Category 1 — appointment clinically indicated within 30 days

  • spinal disorder with accompanying red flags identified e.g. tumour, infection
  • significant spinal cord or nerve root compression with evolving neurological signs/symptoms
  • moderate to severe sciatica with new onset reflex and muscle power deficit
  • moderate to severe radicular arm pain with new onset reflex and muscle power deficit
  • spinal fractures with evolving neurological deficit

Category 2 — appointment clinically indicated within 90 days

  • radiculopathy (symptoms including pain, numbness, and weakness) ≥ 4-6 weeks unresponsive to maximal medical management
  • spinal claudication with symptoms of sufficient duration and severity unresponsive to maximal medical management
  • ineligible stable spinal fractures without neurological loss, managed via spinal virtual clinic (SVC) - refer to 'clinical management advice and resources — clinical resources’

Category 3 — appointment clinically indicated within 365 days

  • patients with non-specific spinal pain who are considering surgical treatment
  • significant or progressive deformity/scoliosis

For information on referral forms and how to import them, please view general referral information.

Essential referral information

Completion required before first appointment to ensure patients are ready for care.
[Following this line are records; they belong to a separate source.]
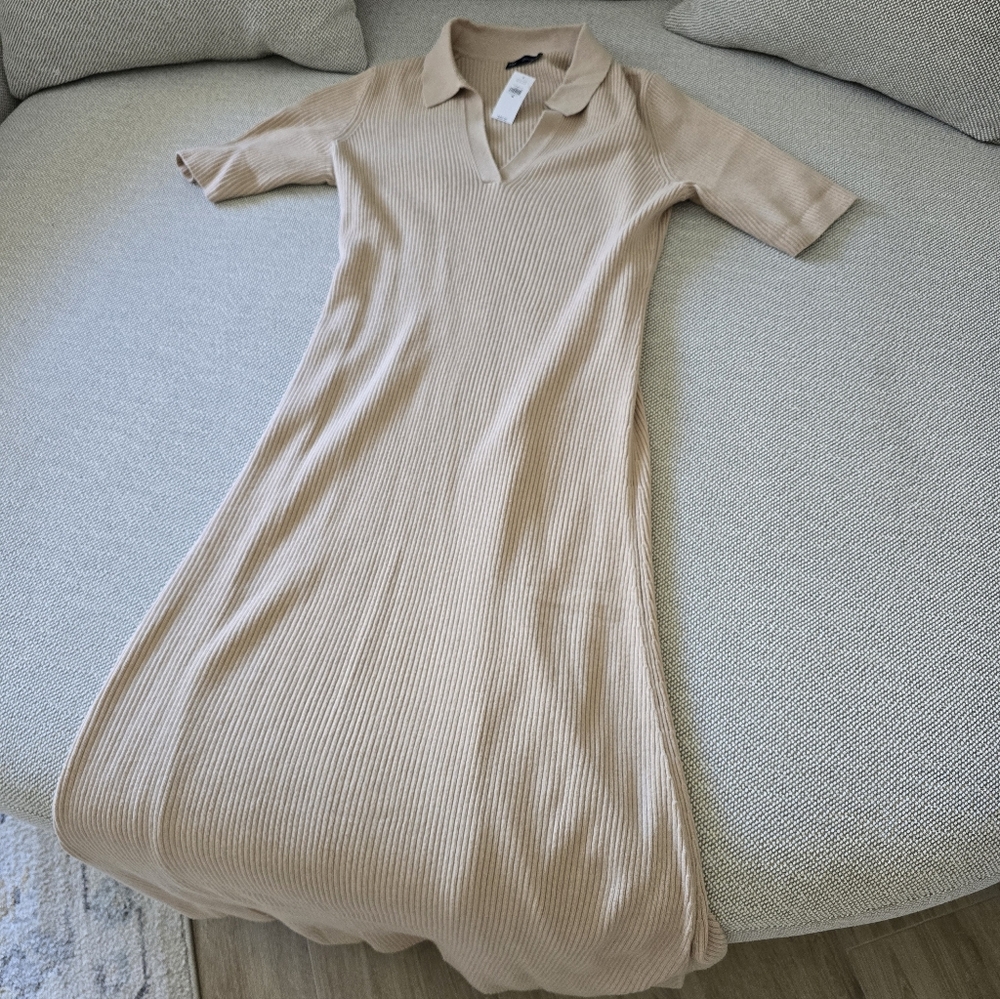 CashSoft Rib Johnny-Collar Midi Dress Size M Color Beige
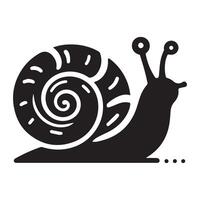 Snail Silhouette flat illustration. vector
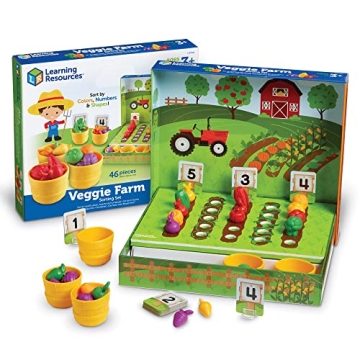 Learning Resources Veggie Farm Sorting Set - Educational Color Sorting Toy for Ages 3+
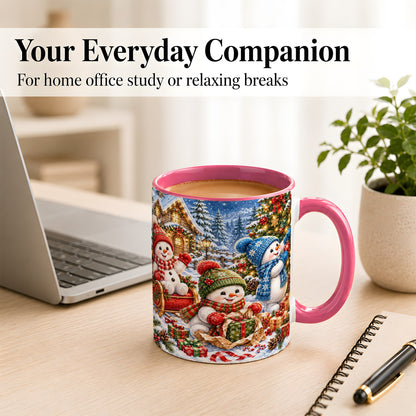 #pl[11oz|Pink] Snowman Trio Coffee Mug, Christmas Snowman Mug, Ceramic Cup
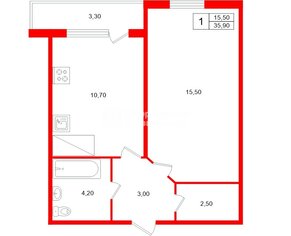 1-комн. кв. 35.9 м² 8/28 этаж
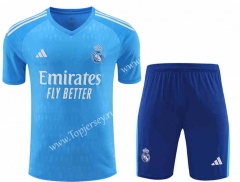 2023-2024 Real Madrid Goalkeeper Blue Thailand Soccer Uniform-418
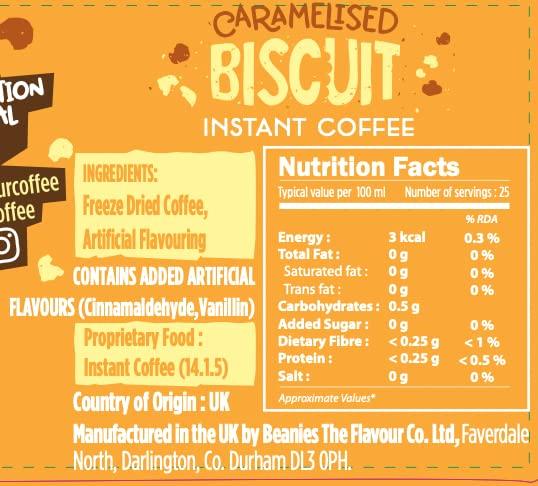 BEANIES BEANIES Flavoured Instant Coffee Caramelised Biscuit Hot & Cold Coffee Makes 25 Cups 100% Arabica Coffee Smooth & Sugar Free 50g. Bottle (Caramelised Biscuit)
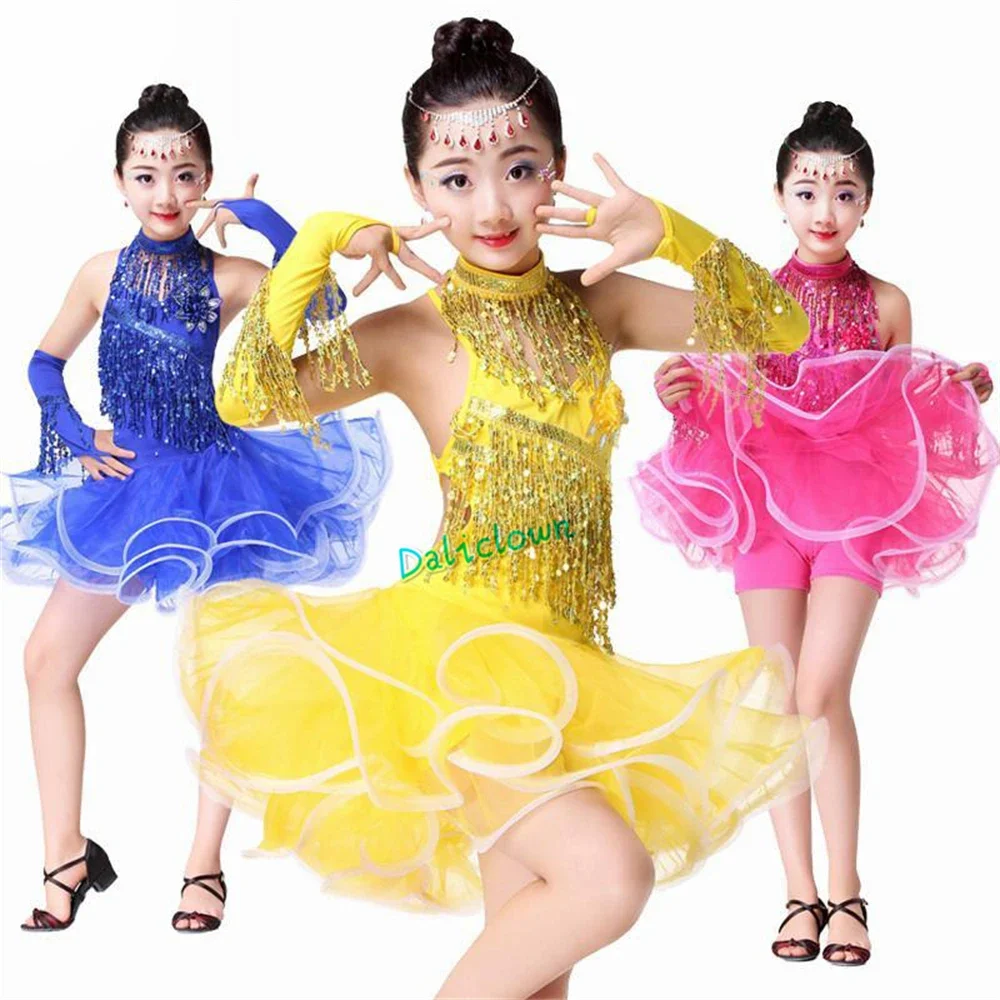 New Sale Junior Child Kids Girls Latin Dance Costume Sequin Fringe Latin Dance Dress Bachata Ballroom Tango Latin Salsa Dress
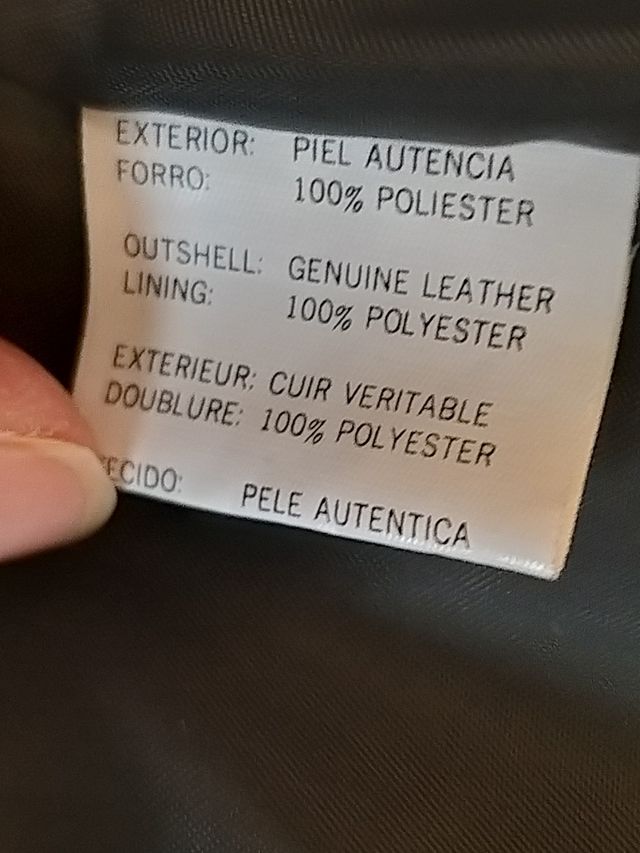 Chaquetón piel verde oscuro talla 42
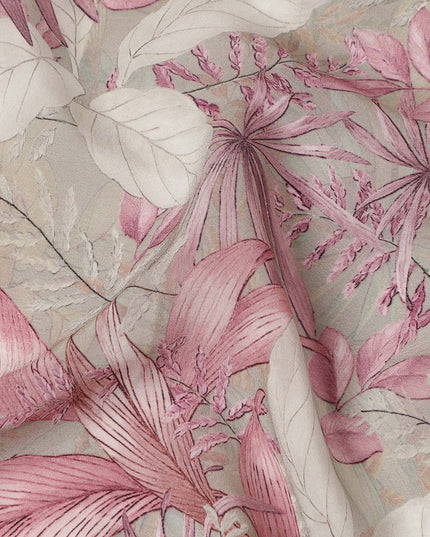 Beige Pink Floral Printed Viscose Crepe Fabric 110 Cms Width Soft Flowing Lightweight Dress Material India-D27931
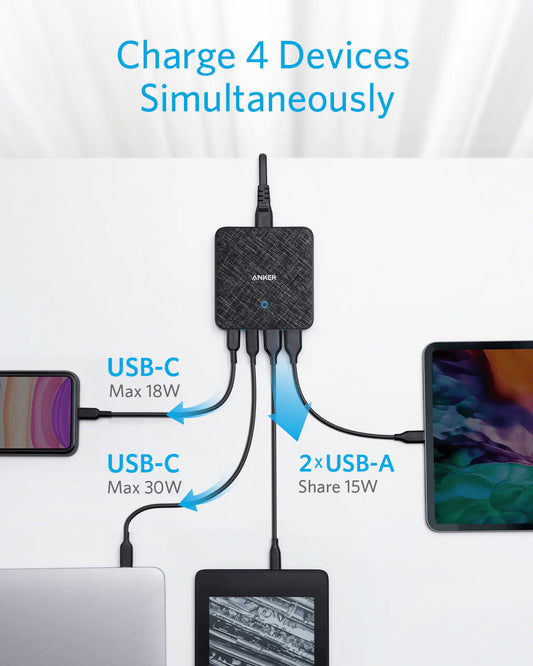 Ladegerät Anker PowerPort Atom III Station, 65W, 3A, 2 x USB-A - 2 x USB-C, Schwarz A2046G12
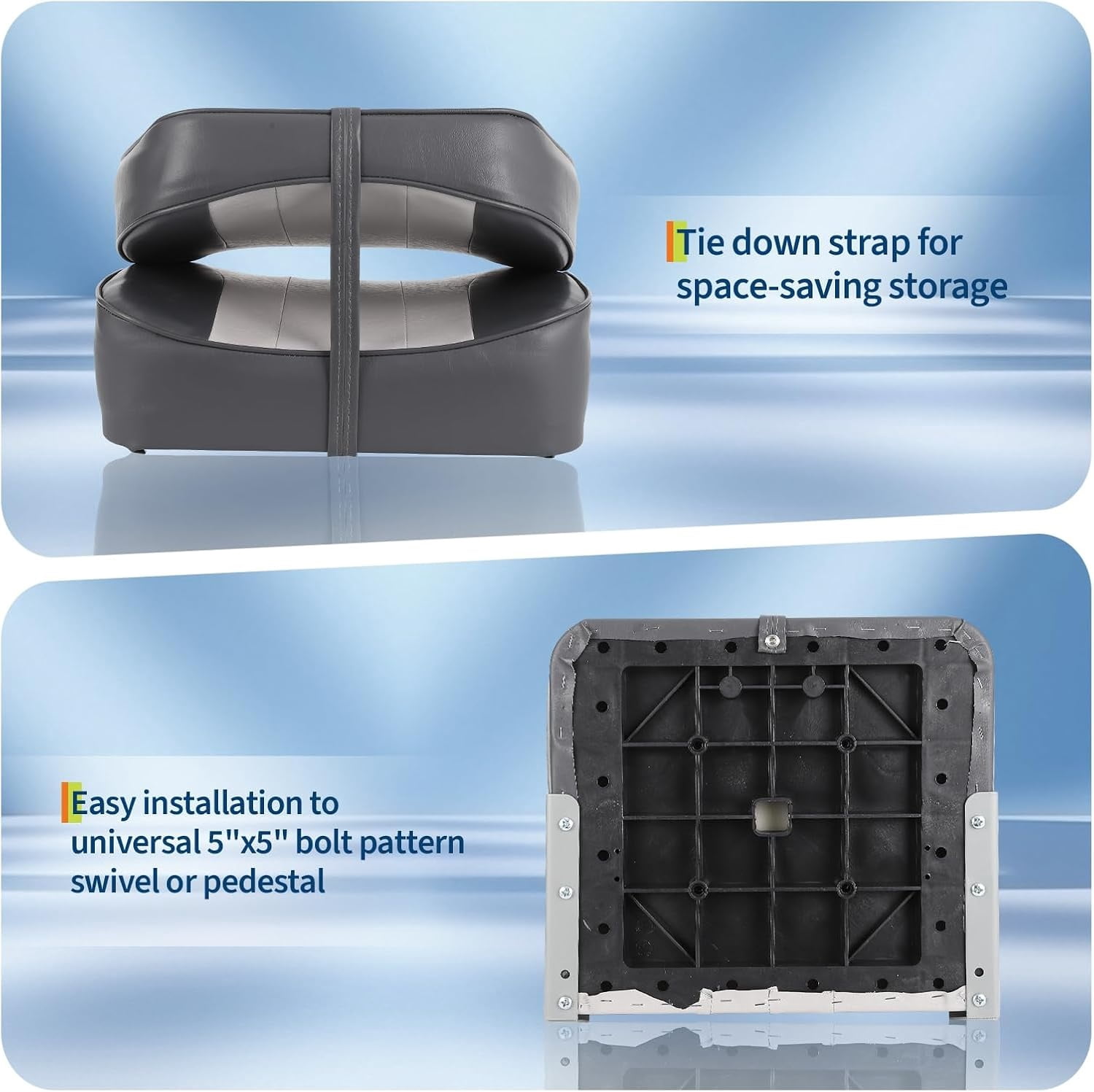 M optimized Set of 2 Premium Low Back Folding Boat Seat, Marine Seats for Fishing, Sightseeing, Speedboats, Canoes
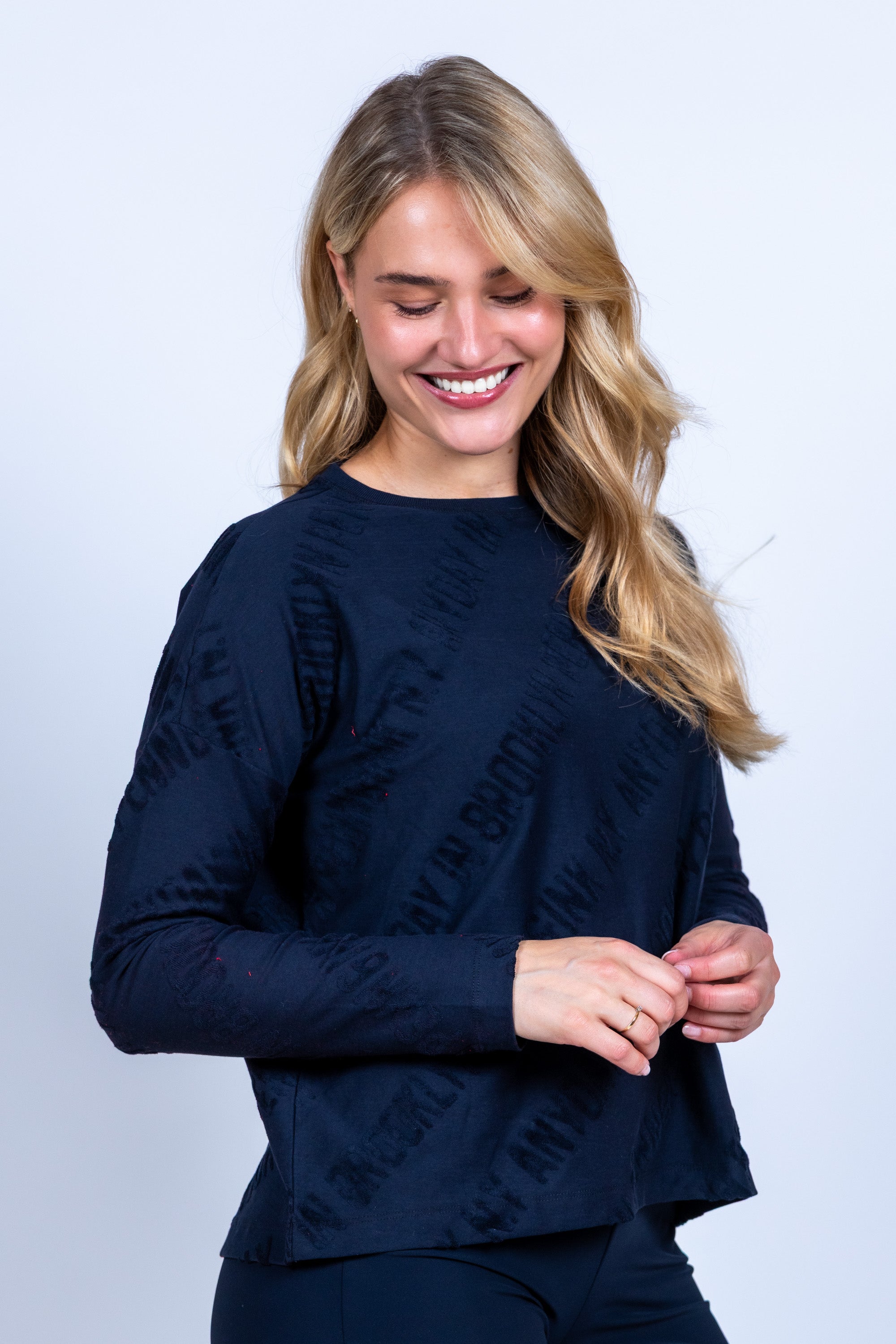 Trui met tekstprint - Marine
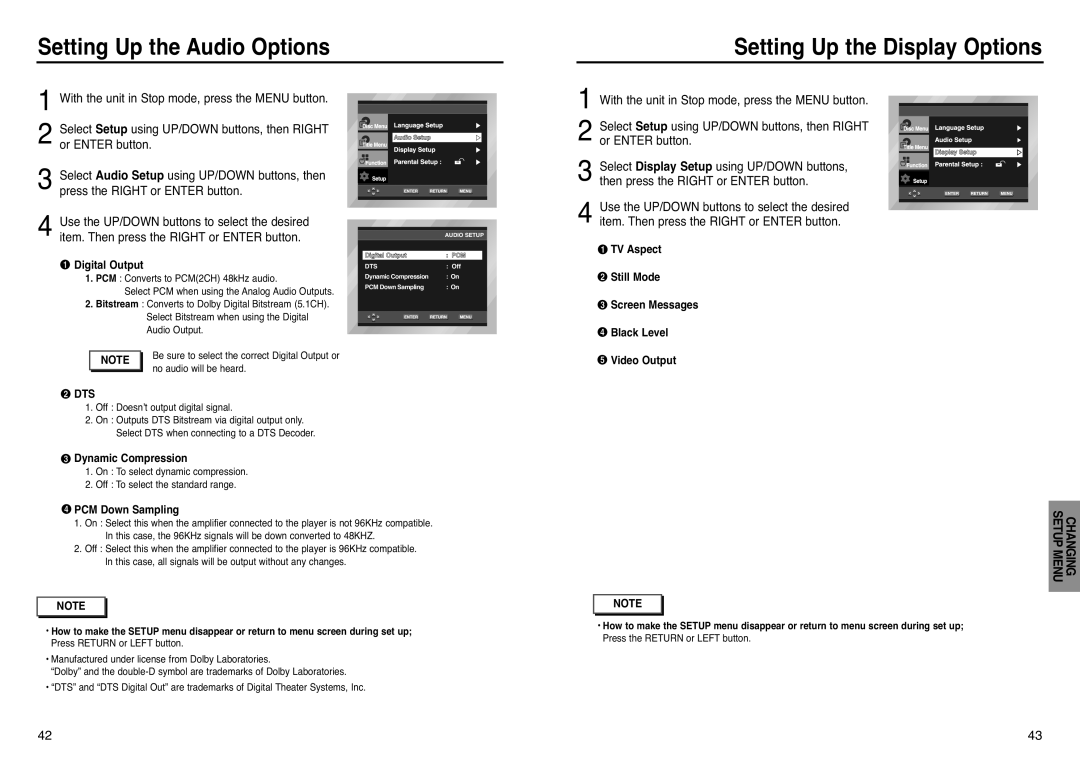 Samsung DVD-P240 manual Setting Up the Audio Options Setting Up the Display Options, Dts, No audio will be heard 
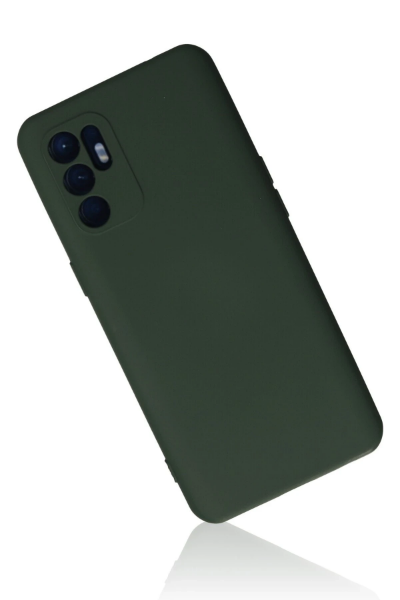 Newface Oppo Reno 6 Kılıf Nano içi Kadife Silikon - Koyu Yeşil resmi
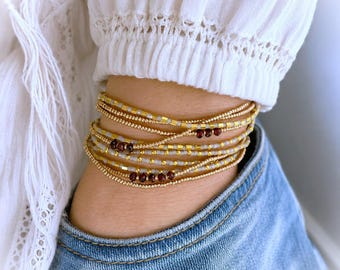 Boho Garnet wrap bracelet set, Boho chic wrapbracelets 10 wraps total, Birthstone January gift, Gift idee for her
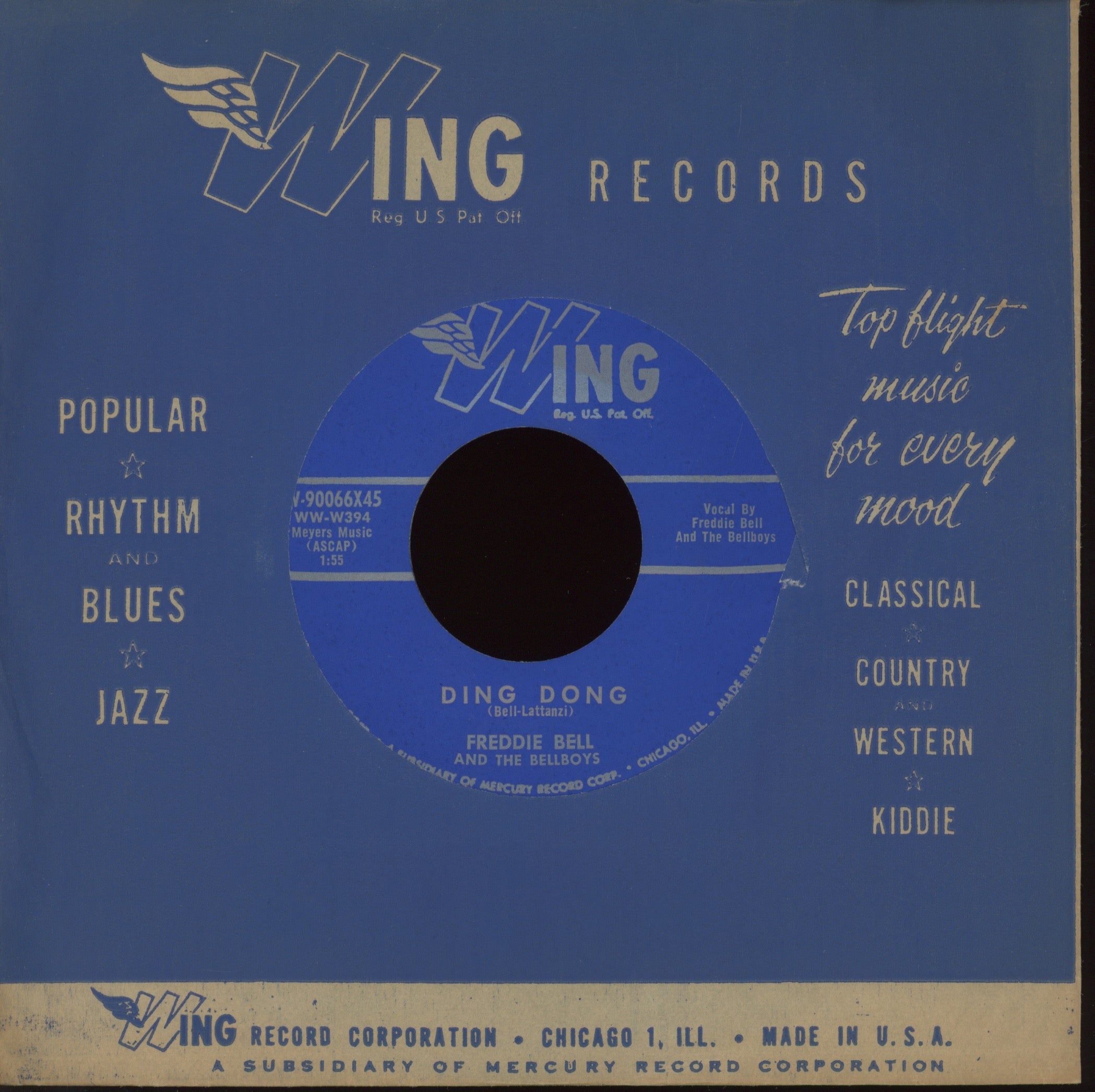 Freddie Bell & The Bell Boys - Ding Dong on Wing Rockabilly 45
Please indicate in the referral if the patient is unable to access mandatory tests or investigations as they incur a cost or are unavailable locally.

  • identifies as Aboriginal and/or Torres Strait Islander
  • relevant social history, including identifying if you feel your patient is from a vulnerable population and/or requires a third party to receive correspondence on their behalf
  • interpreter requirements
  • spinal referral form (mandatory)
  • relevant imaging results, e.g. plain X-ray, computed tomography (CT) and magnetic resonance imaging (MRI) include radiological details/accession number
  • complete past medical history
  • current medication list
  • presence of red flags, complete relevant investigations:
    • complete blood examination (CBE)
    • electrolytes, urea, creatinine (EUC)
    • liver function tests (LFTs)
    • estimated glomerular filtration rate (eGFR)
    • erythrocyte sedimentation rate (ESR)
    • C-reactive protein (CRP)
    • smoking/vaping status - if active, strongly consider referral for smoking/vaping cessation

Clinical management advice

Spinal fractures should be referred to the Royal Adelaide Hospital Orthopaedic Spinal Surgical Service, or to the Flinders Medical Centre Neurosurgery Service if residing within the Southern Adelaide Local Health Network catchment area.

For resources regarding initial management and imaging guidelines for spinal presentations see, ‘clinical management advice and resources - clinical resources’.

Most category 2 and 3 patients referred for a surgical opinion do not require surgery; evidence demonstrates that non-surgical management is effective for the majority of spinal conditions.

To preserve surgical outpatient capacity for high acuity cases several alternate service models have been adopted, including assessment clinics provided by advanced practice physiotherapists and spinal virtual clinics (SVC).

Appropriate category 2 and 3 patients may be assessed and managed by an advanced practice physiotherapist; outcomes may include provision of non-surgical management options for primary care, further imaging/spinal interventions where indicated and referral for definitive surgical opinion.

Most category 3 patients will not be offered a formal appointment (where patients are unlikely to benefit from a lengthy wait for spinal outpatient consultation); instead these patients may be managed by the SVC, with written advice/recommendation for ongoing management in primary care provided to referring clinician following formal review of referral and spinal imaging.

Simple spinal fractures (traumatic or insufficiency) will be managed through a separate SVC; General Practitioner’s advice on surveillance imaging and remote assessment will guide care in the community.

The service also delivers a suite of telehealth services (phone/video) for both metropolitan and regional/remotely located patients when deemed appropriate.